One of Melanie Klein’s insights is something she called “projective identification”. She was making a distinction between “projection” — when what you think someone is doing or meaning is an expression of your own reality — and the next stage on, when the feelings are so strong that you cause someone to act in a way that justifies your emotions. This might be going on with some of our leading Brexiteer politicians at the moment: with such strong emotions from their supporters that their own rationality disappears. On 9 April there was a news story that Angela Leadsom thinks that Germany might be about to agree to re-opening the Withdrawl Agreement three days before the current deadline for Brexit. At one level, she must know that is not going to happen (especially as the EU is showing every sign of supporting Ireland rather than abandoning Ireland). But her words make sense if they are expressing the not-particularly-rational hopes of those with whom she is in sympathy (a less-charitable reading would suggest an outbreak of pseudologia phantastica).
Are we in danger of a “strong (fascist) leader”?
The point about a fascist leader is that they meet the raw emotional needs of their followers. The followers, in turn, feel a deep union with the leader who “understands them”. There were flashes of that in the Trump supporters saying that he “says it like it is”.
Right now there isn’t an opening for a fascist leader in the UK. Theresa May seems safe in No.10 until the “next stage” of Brexit (whenever that might be). Her apparent weakness might well reflect the dividedness of her cabinet, but she’s still in post.

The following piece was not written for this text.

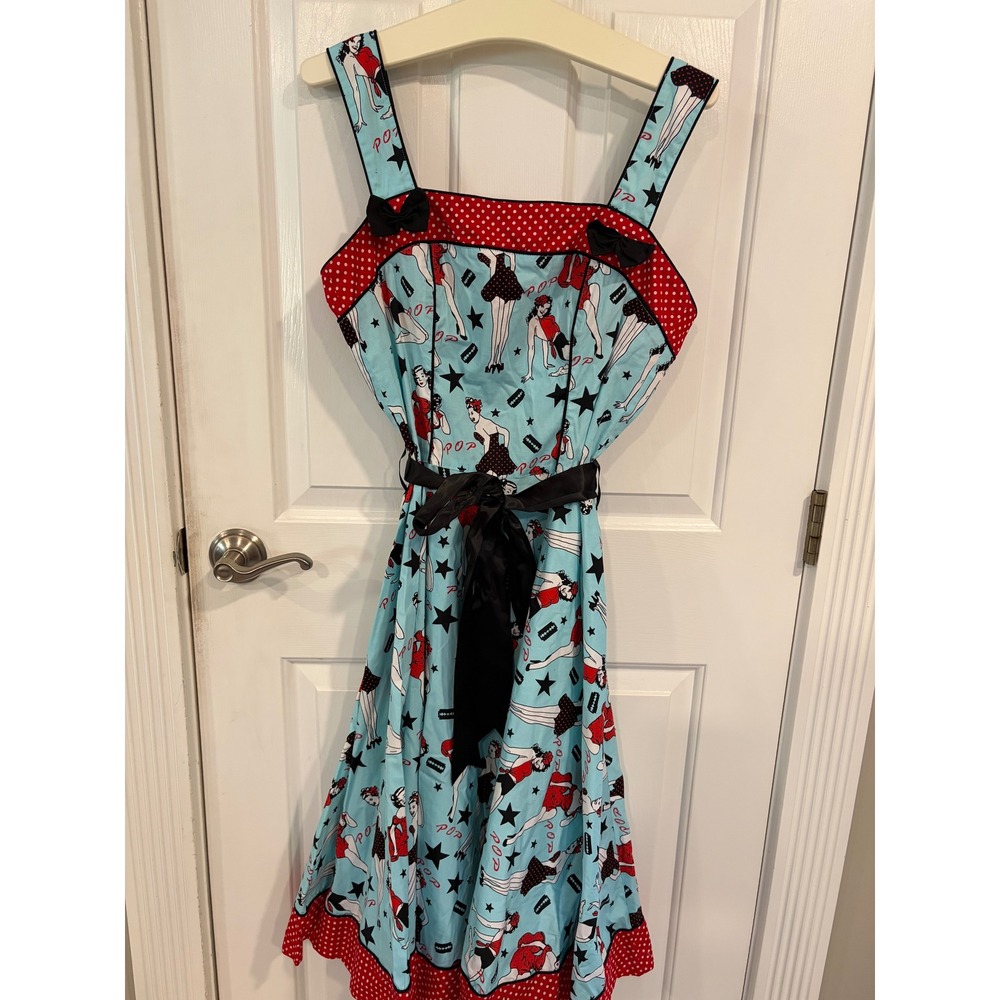 Hell Bunny Size Large Dixie Dress Pin Up Girl 50s Surfabilly Rockabilly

But these things can change quickly. A strong showing from the “Brexit party” in the European elections would strengthen Nigel Farage’s hand. For the moment he seems safely far from power at Westminster though that might change at the next General Election. But among the Tory Brexiteers, Boris Johnson remains a contender for No.10. What’s particularly worrying about this is that his numerous character flaws — from the irregularity of his love life and his apparently-Islamophobic comments on burkas to mis-reportings of expenses among other things, seem not to dent his popularity.

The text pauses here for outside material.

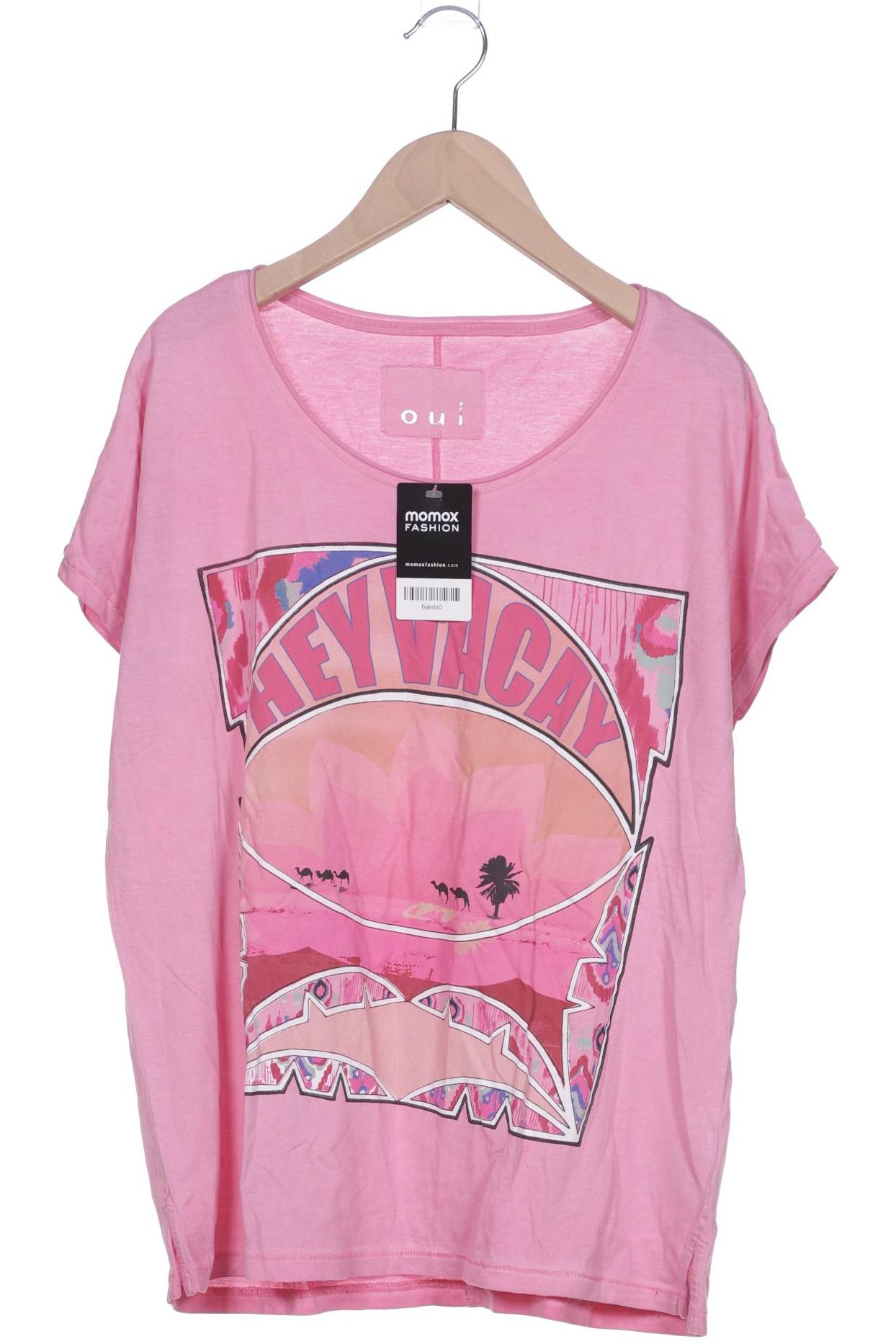 

Oui Damen T-Shirt, pink, Gr. 40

That points to a scary gap between his reality and how he is seen. I fear that gap is about what is being projected onto him, and speaks of some powerful needs among Brexit / Tory supporters. As prime minister he might be more daft than dangerous. But he is well placed to fail to appreciate the risks, and preside over a disastrous Brexit, creating the conditions for something much more serious when the “sunny uplands of Brexit” are replaced by a serious recession.
If Brexit were rational, people in that situation people would blame its proponents. But it isn’t rational. The fear is that we would then be susceptible to a Farage or worse. The Hansard Society report should ring big alarm bells.
Those wish for strong leaders should read the WHOLE of the Book of Joshua in the Bible. (Joshua is the general who “fit the battle of Jericho, and the walls came-a-tumbling down” (after judicious use of his intelligence experts, and a certain amount of shock and awe) Joshua really was a brilliant General, who took his troops into battle with plans that ensured a quick victory with minimum loss of life. He describes nearly every military tactic that has been used ever since. He was so good that the first part of Joshua is, I understand, still compulsory reading for trainee army officers at Sandhurst. However, as he got older the Government was having problems and appointed Joshua as Governor. And the second part of the Book of Joshua is all about the use of military tactics to solve civil unrest. In short it describes the repeated use of ethnic cleansing. Those who ask for strong leadership should think very carefully about the consequences.